The Magic: They didn't tell the AI "This is a man" or "This is a woman" explicitly. Instead, they gave it two secret codes (0 and 1) and let the AI figure out on its own that "Code 0" acts like women and "Code 1" acts like men.
The Outcome: The AI got smarter. It learned that men and women hear things differently. Because it understood these two different perspectives, it actually got better at predicting the average score too!

Why Should You Care?

This paper is a wake-up call for the tech world.

Fairness: If we only use "Average" scores to judge voice technology, we might be building products that sound great to men but terrible to women, and we won't even know it.
Better Tech: By acknowledging that people hear differently, we can build AI that is fairer and more accurate for everyone, not just one group.

In a nutshell: The researchers found that the "Average" score for voice quality is secretly biased toward men. They proved that computers trained on these averages learn this bias automatically. Their solution is to teach computers to understand that men and women have different "ears," which makes the computers smarter and the technology fairer for everyone.

Here is a detailed technical summary of the paper "MOS-Bias: From Hidden Gender Bias to Gender-Aware Speech Quality Assessment."

1. Problem Statement

The Mean Opinion Score (MOS) is the gold standard for subjective speech quality assessment in tasks like Text-to-Speech (TTS), Voice Conversion (VC), and Speech Enhancement.
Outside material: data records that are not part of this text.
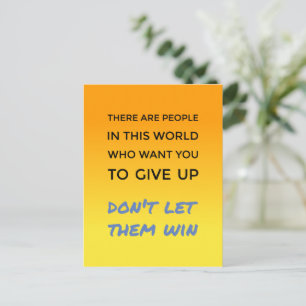 Cartão Postal Não desista de uma atitude positiva, uma citação i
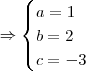 \Rightarrow \begin{cases} a=1\\ b = 2 \\ c = -3\end{cases} \Rightarrow \begin{cases} a=1\\ b = 2 \\ c = -3\end{cases}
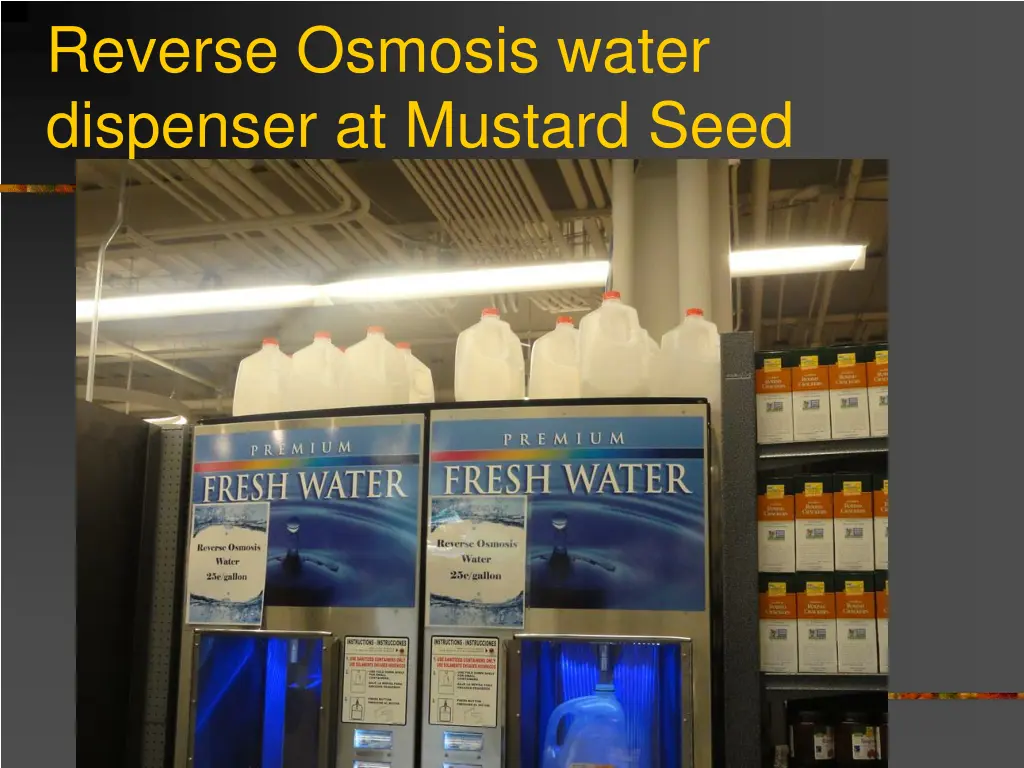 reverse osmosis water dispenser at mustard seed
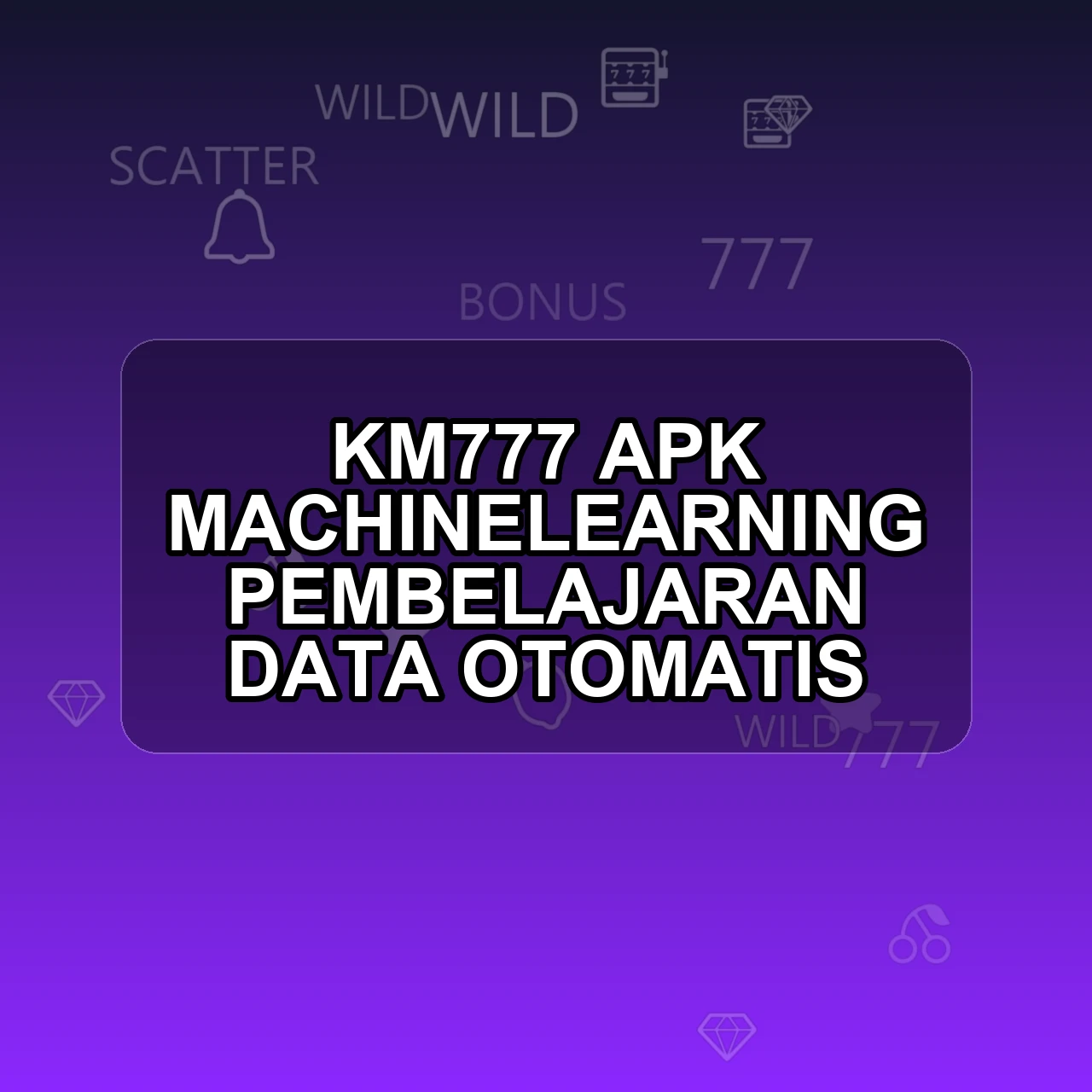 KM777 Unduh APK - Aplikasi Android Machinelearning Km 777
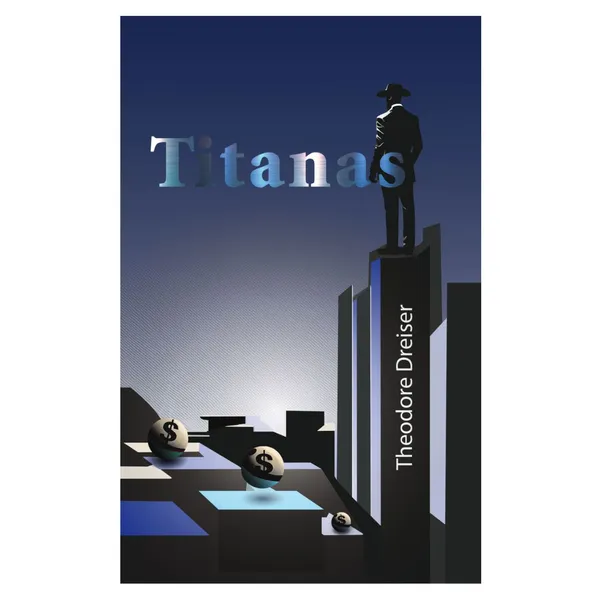 Knyga Teodoras Dreizeris TITANAS
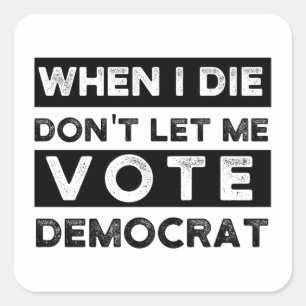 wenn ich die nicht ließ mich wählen Demokrat, po Quadratischer Aufkleber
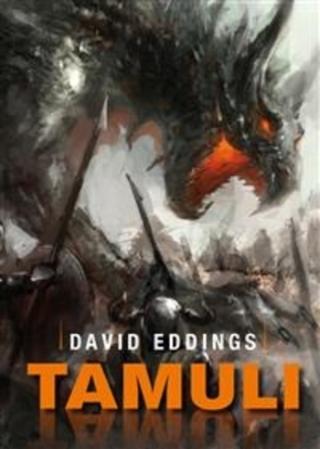 Kniha: Tamuli - 1. vydanie - David Eddings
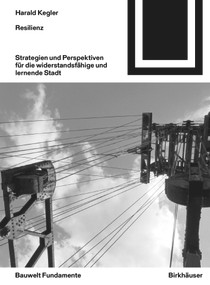Resilienz (Strategien & Perspektiven für die widerstandsfähige und lernende Stadt) (German Edition) - 9783035624229 by Harald Kegler, 9783035624229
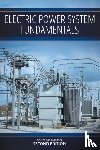 Clough, Robert M, Saad, Nael, Gould, Jennifer E - Electric Power System Fundamentals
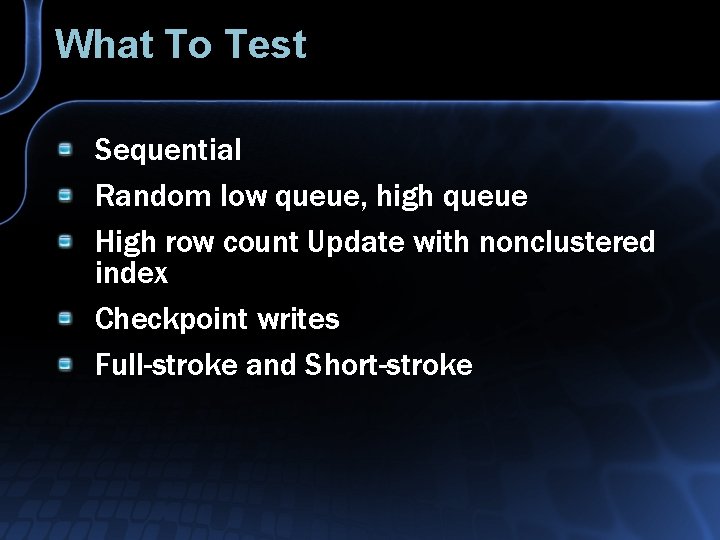 What To Test Sequential Random low queue, high queue High row count Update with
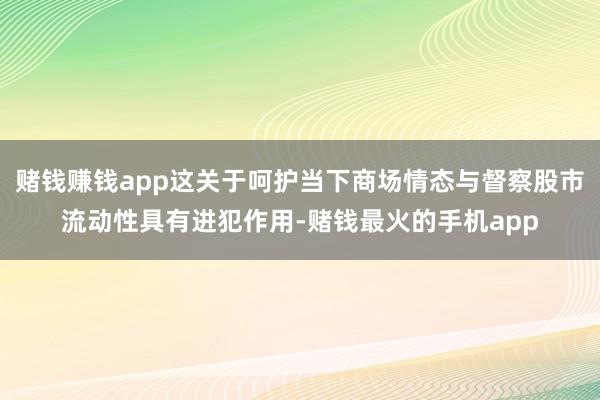 赌钱赚钱app这关于呵护当下商场情态与督察股市流动性具有进犯作用-赌钱最火的手机app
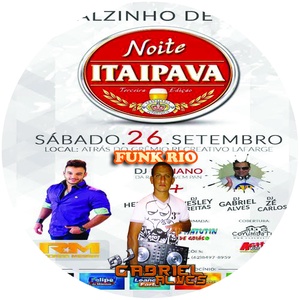 CD NOITE ITAIPAVA 3 EDICAO FUNK RIO DJ GABRIEL AL...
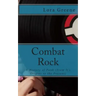 Combat Rock: A History of Punk (From It's Origins to the Present)
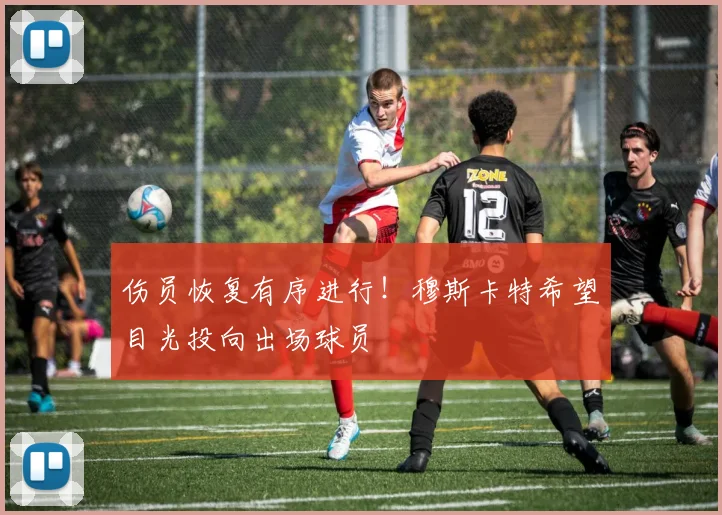 伤员恢复有序进行！穆斯卡特希望目光投向出场球员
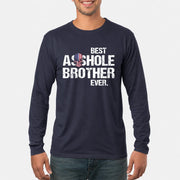 Best Asshole Brother Ever – Funny Brother Gift  - T-Shirt, Long Sleeve, Sweatshirt & Hoodie - Long Sleeve - Navy - Front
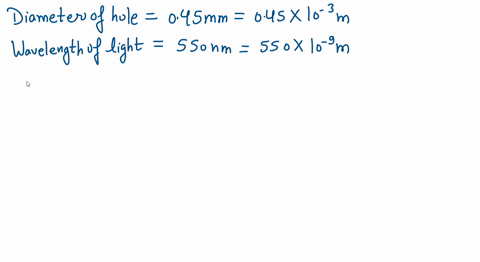 a-045-mm-diameter-circular-hole-is-illuminated-by-light-that-has-a-wavelength-of-550nm-what-is-the-width-of-the-central-maximum-on-a-screen-20-m-behind-this-hole-50907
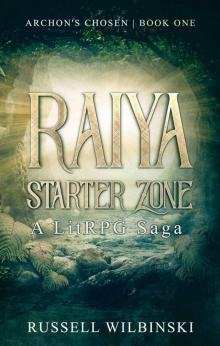 Raiya: Starter Zone - A LitRPG Saga: Archon's Chosen - Book One Read online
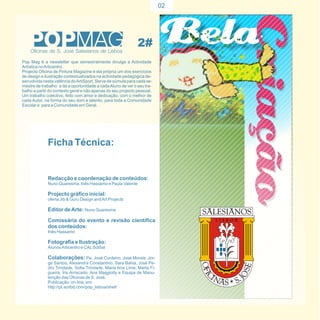 02




Pop Mag é a newsletter que semestralmente divulga a Actividade
Artística no Articentro.
Projecto Oficina de Pintura Magazine é ela própria um dos exercícios
de design e ilustração contextualizados na actividade pedagógica de-
senvolvida nesta valência do ArtiSport. Serve de súmula para cada se-
mestre de trabalho e dá a oportunidade a cada Aluno de ver o seu tra-
balho a partir do contexto geral e não apenas do seu projecto pessoal.
Um trabalho colectivo, feito com amor e dedicação, com o melhor de
cada Autor, na forma do seu dom e talento, para toda a Comunidade
Escolar e para a Comunidade em Geral.




             Ficha Técnica:


             Redacção e coordenação de conteúdos:
             Nuno Quaresma, Inês Hassamo e Paula Valente

             Projecto gráfico inicial:
             oferta Jtb & Guru Design and Art Projects

             Editor de Arte: Nuno Quaresma

             Comissária do evento e revisão científica
             dos conteúdos:
             Inês Hassamo

             Fotografia e Ilustração:
             Alunos Articentro e CAL SolSal

             Colaborações: Pe. José Cordeiro, José Morais, Jor-
             ge Santos, Alexandra Constantino, Sara Bahia, José Pe-
             dro Trindade, Sofia Trindade, Maria Ana Lima, Marta Fi-
             gueira, Íris Arriscado, Ana Maggiolly e Equipa de Manu-
             tenção das Oficinas de S. José.
             Publicação: on-line, em:
             http://pt.scribd.com/pop_lisboa/shelf
 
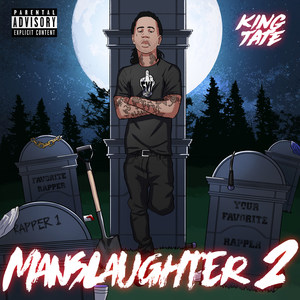 Manslaughter 2 (Explicit)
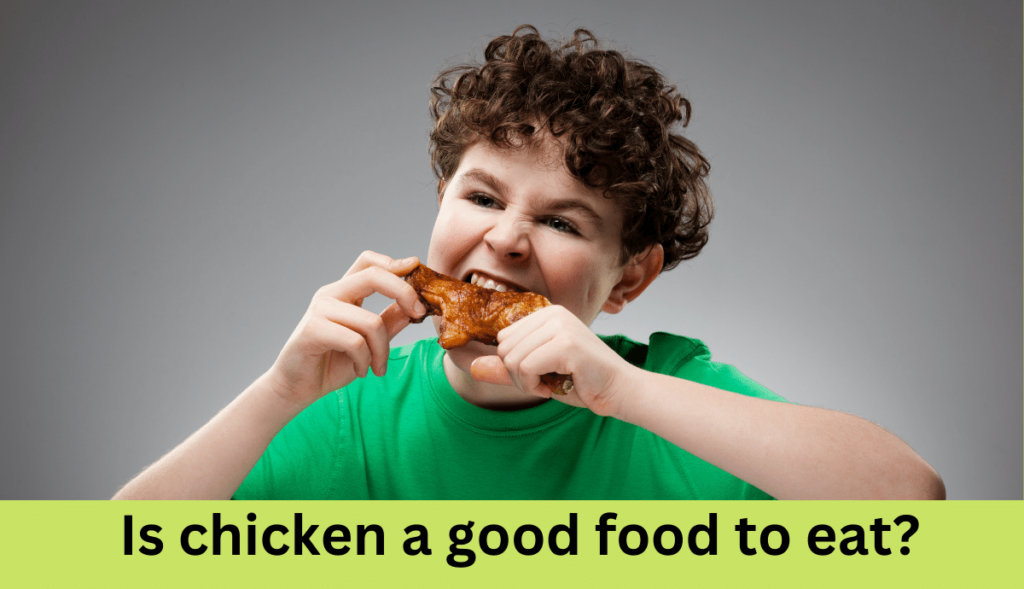 Is chicken a good food to eat?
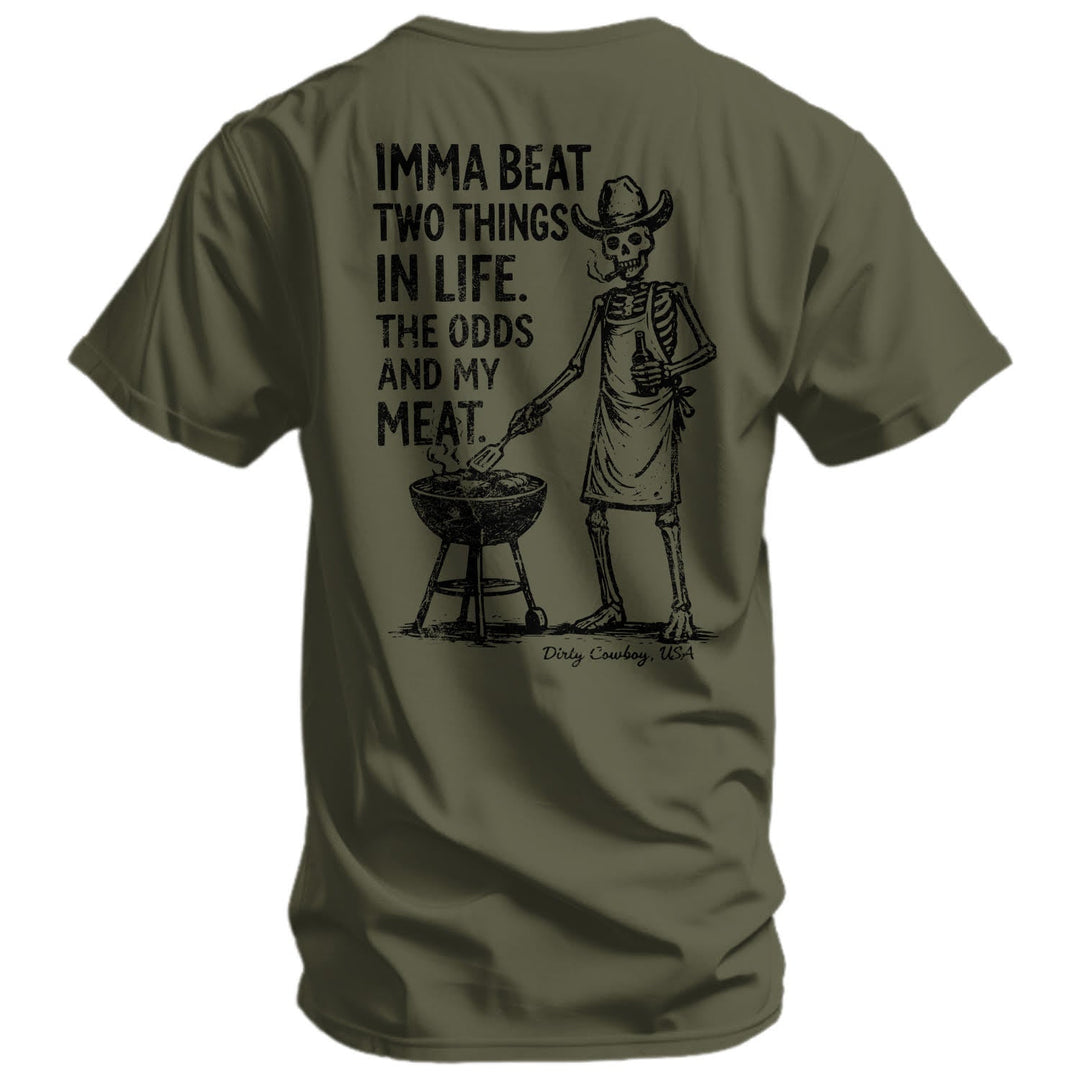 Imma Beat Two Things In Life Men's T-Shirt - DIRTY COWBOY MFG #color_military-green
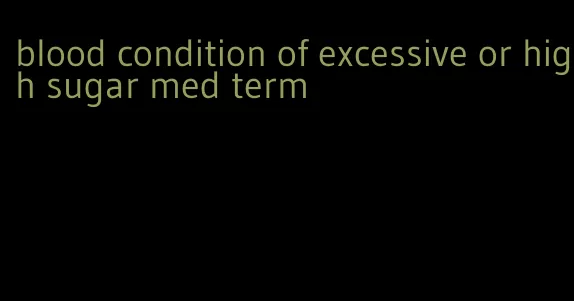 blood condition of excessive or high sugar med term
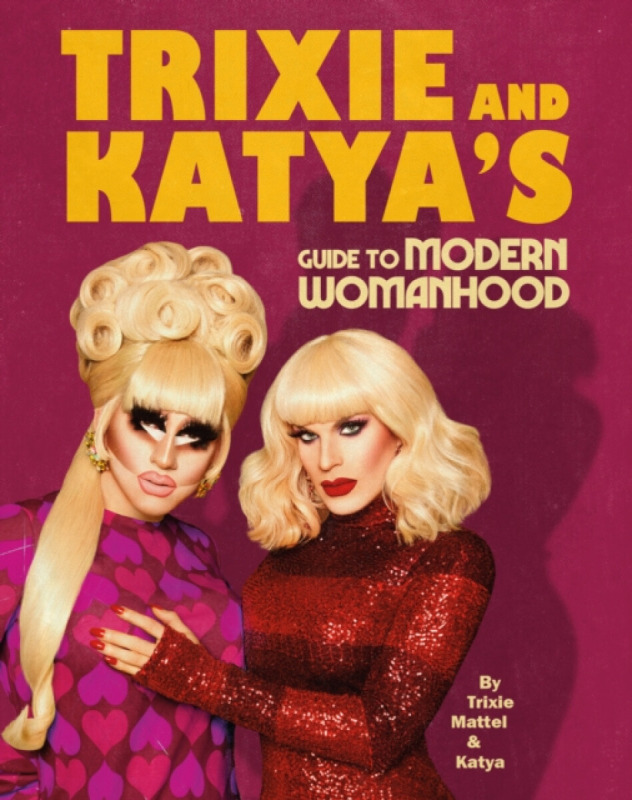 Trixie and Katya's Guide to Modern Womanhood - Trixie Mattel, Katya Zamolodchikova - kniha z kategorie Odborné a naučné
However, the paper identifies a critical, overlooked issue: systematic gender bias in human annotations and the subsequent propagation of this bias into automated prediction models.

The Core Issue: Standard MOS labels are calculated by averaging ratings from all listeners regardless of demographic. The authors hypothesize that if male and female listeners have systematically different perception standards, the resulting "average" score is not gender-neutral but implicitly favors one group.
The Gap: While demographic bias is well-studied in NLP and Computer Vision, it remains largely unexplored in speech quality assessment. Specifically, it is unknown whether listener gender creates a structural bias in MOS that automated models (trained on aggregated labels) inadvertently learn and propagate.

2. Methodology

A. Dataset and Bias Analysis

Dataset: The study utilizes the BVCC dataset (Blizzard Challenge, Voice Conversion Challenge, ESPnet-TTS), which is unique in providing metadata for both speaker and listener gender.
Analysis Approach:
- The authors separated listener ratings into Male ( $M$ ) and Female ( $F$ ) groups.
- They calculated gender-specific MOS ( $MOS_M$ and $MOS_F$ ) and compared them against the standard aggregated MOS.
- Statistical Validation: Welch's t-tests were used to confirm that differences were statistically significant ( $p < 0.001$ ) and not due to sampling variation, despite the dataset having slightly more female listeners (4.25) than male listeners (3.6) per clip on average.
- Quality Dependency: The analysis stratified data by speech quality (Poor to Excellent) to determine if the gender gap was a fixed offset or variable.

B. Baseline Evaluation (Bias Inheritance)

Model: The authors used SSL-MOS (a mainstream automated MOS prediction model) as a baseline.
Training: The model was trained only on aggregated (gender-agnostic) MOS labels, with no gender information provided as input.
Evaluation: Predictions were tested against three ground truths: All listeners, Male listeners only, and Female listeners only.
Finding: The model trained on "average" labels consistently predicted scores closer to male listeners' ratings than female listeners', even though the training set had more female raters. This confirmed that aggregated labels implicitly encode male perceptual standards.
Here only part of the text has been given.